Actually, in looking over zfaulkes’s post, my curiosity is piqued by the reference to sea spiders. I know I could probably google up some more information, but it’s so much more entertaining to read it here: how are they so weird, exactly?

Sea spiders (incl. Horseshoe crabs IIRC) resemble crustaceans, but are taxonimically more closely related to arachnids - essentially, the evolutionary branching event that separates the ancestors of crustaceans from the ancestors of arachnids is further back in time than the branching event that separates the ancestors of sea spiders from the ancestors of land spiders.

The overly broad reference to the musculature of arthropods was an error inserted during editing. The article has been corrected.

Imagine a critter with eight legs… and no body!

Sounds very much like a horror show refuge, doesn’t it? Okay, they actually do have a body, but it’s so small in relation to the legs that it just doesn’t look like much. They just look like someone’s imaginary creation rather than a real organism.

They also have some other oddball features that are mainly interesting specialists, like that their body is not segmented (most arthropods are); they have an unusual proboscis; and so on.

References

Myers P. 2001. Pycnogonida (On-line), Animal Diversity Web. Accessed September 29, 2004 at ADW: Pycnogonida: INFORMATION

In a discussion of spider leg hydaulics, Vogel gives the impression that the hydraulic system would not be expected to be as effective as antagonistic muscles. He writes, “The [hydraulic leg] system works well enough so one doesn’t notice that it’s quite different from the scheme used by insects; some spiders (salticids) are even good jumpers. Perhaps the hydraulic arragement permits larger flexor muscles that can grapple with larger prey – spiders are preminently predators on creatures of around their own size” (pg. 274).

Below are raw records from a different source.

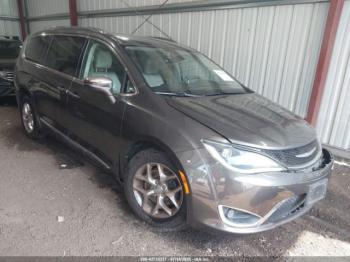  Salvage Chrysler Pacifica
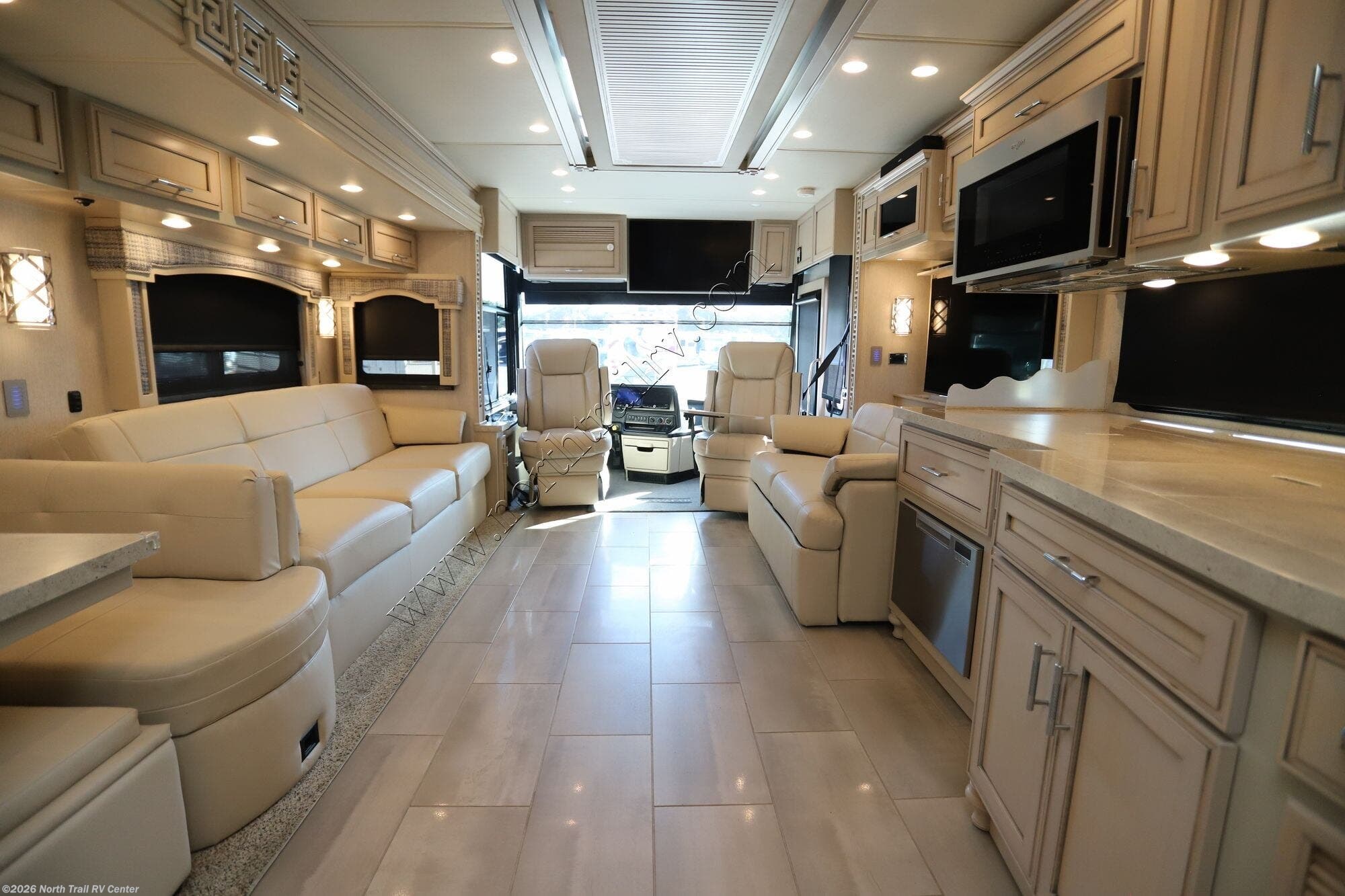 Used 2020 Newmar Ventana 4326 available in Fort Myers, Florida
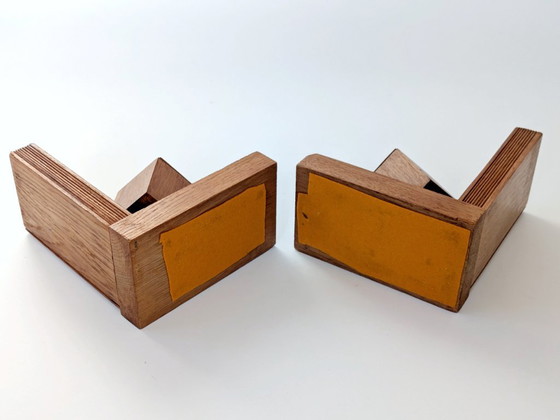 Image 1 of Fermalibri in legno di metà secolo con cubo smaltato, design geometrico modernista, anni '60
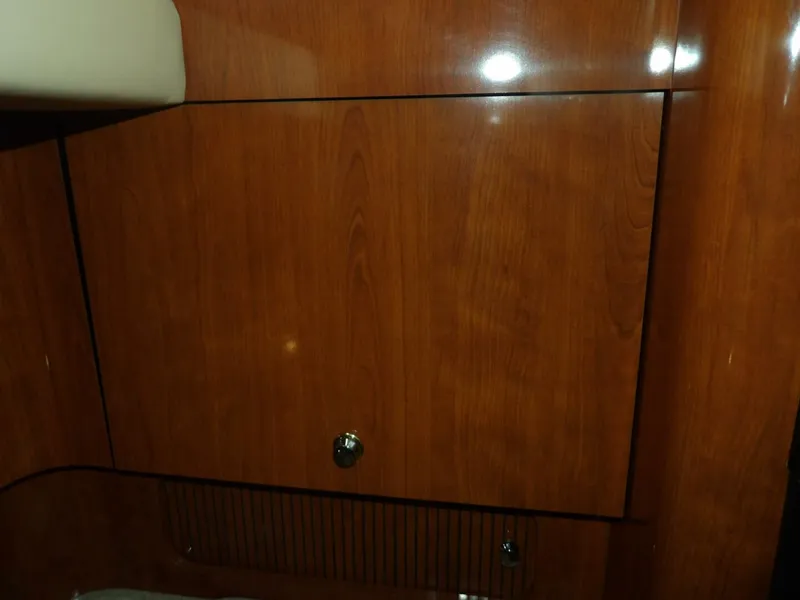 Slide: The Image of Sea Ray 390 Motor Yacht 2003 - 4269724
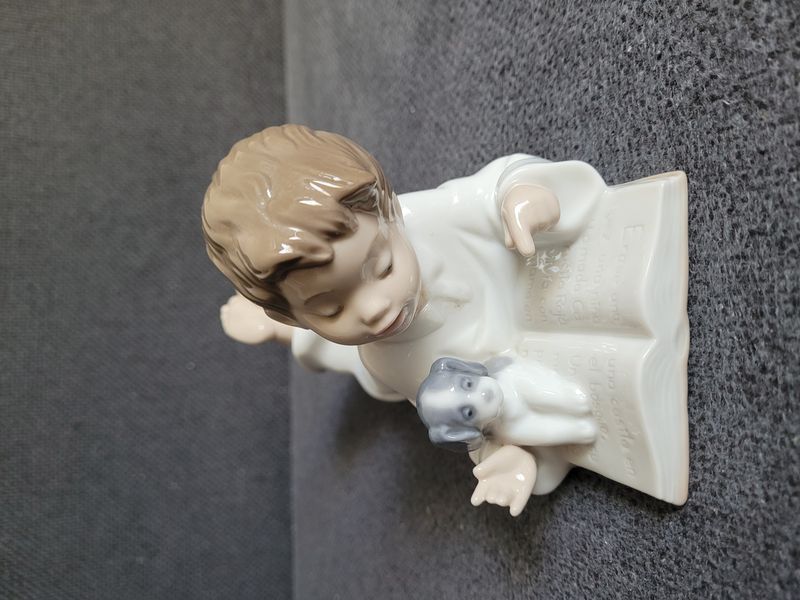 NAO by Lladro Porzellanfigur &bdquo;Repeat After Me&rdquo; Junge mit Welpe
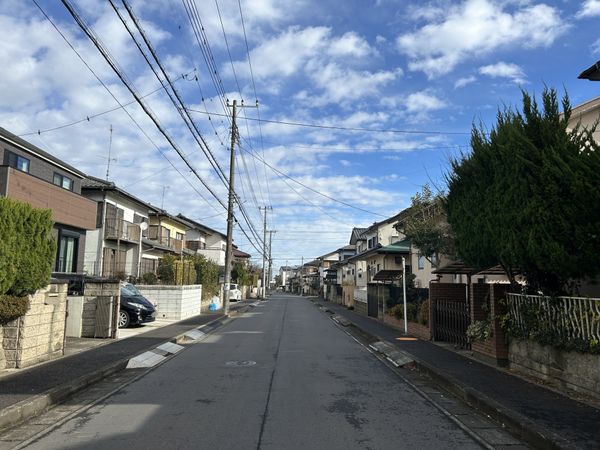 日吉台6丁目戸建 前面道路含む外観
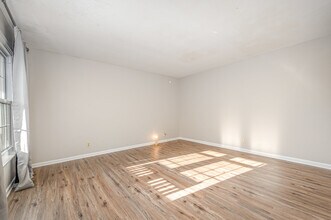 1808 Majestic Dr in Durham, NC - Building Photo - Building Photo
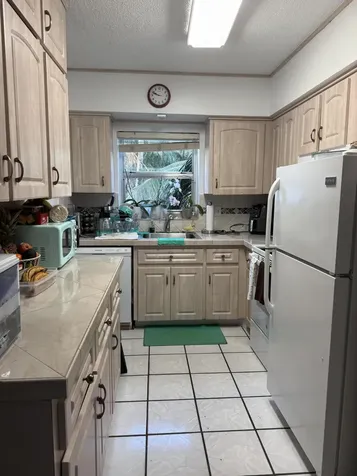 2600 S Ocean Drive Hollywood FL 33019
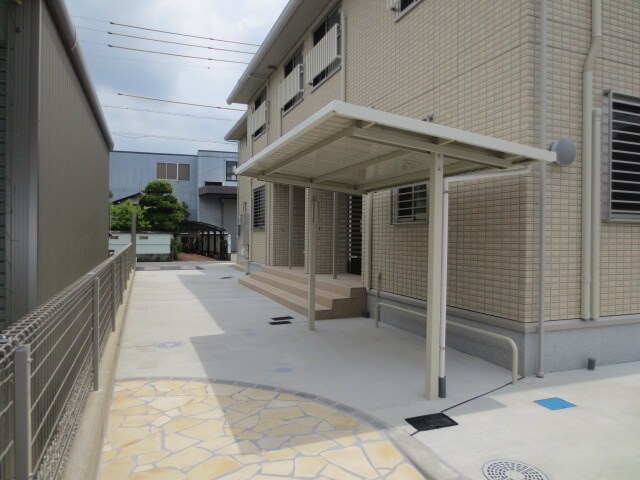 物件外観写真3　(駐輪場)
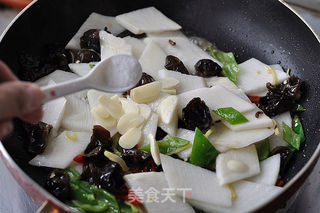 清炒山药片的做法步骤:10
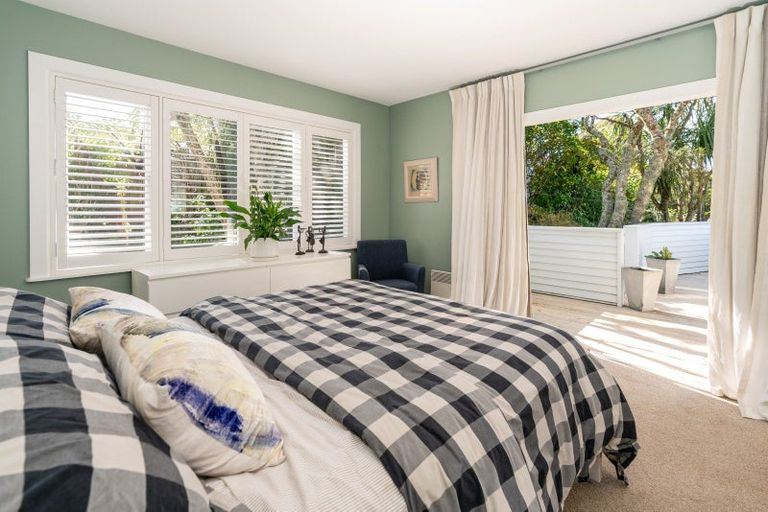 Photo of property in 113 Creswick Terrace, Northland, Wellington, 6012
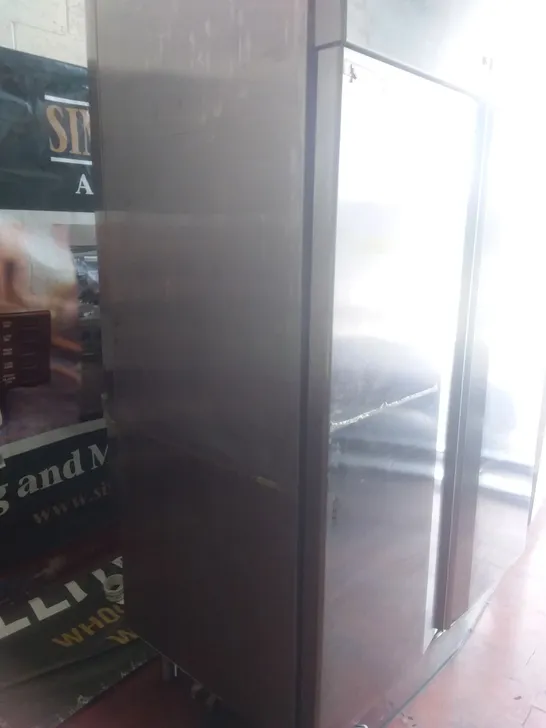 LARGE DISPLAY FRIDGE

Elsewhere in the book (pg. 291), Vogel lists maximum acceleration for a jumping spider at 51 metres / second. Generally, smaller animals have higher maximum accelerations; an estimate of 15 m/s for a human (standing start), 40 for a fast start in a trout, and 2000 m/s for a rat flea, to name a few competitors. But squid, which are bigger than spiders, are listed as a max acceleration of 330 m/s for the tentacles.

I personally suspect scaling factors are the major explanation.

References

Vogel, S. 1988. Life’s Devices. Princeton University Press: Princeton.

Zen Faulkes
Department of Biology
University of Texas - Pan American

Nitpick: You probably mean 51 meters/second[sup]2[/sup]. m/s is a measure of speed or velocity, not of acceleration. And given that a human can walk around (with considerable difficulty, admittedly) in 3 gs or so, I suspect that the figure of 15 m/s[sup]2[/sup] for humans is a little low, but it would be in the right ballpark.

Correct. That was a mistake on my part, not Vogel’s. (The book actually wrote it as m x s [sup]-2[/sup], which means the same thing but is less intuitive – at least for me).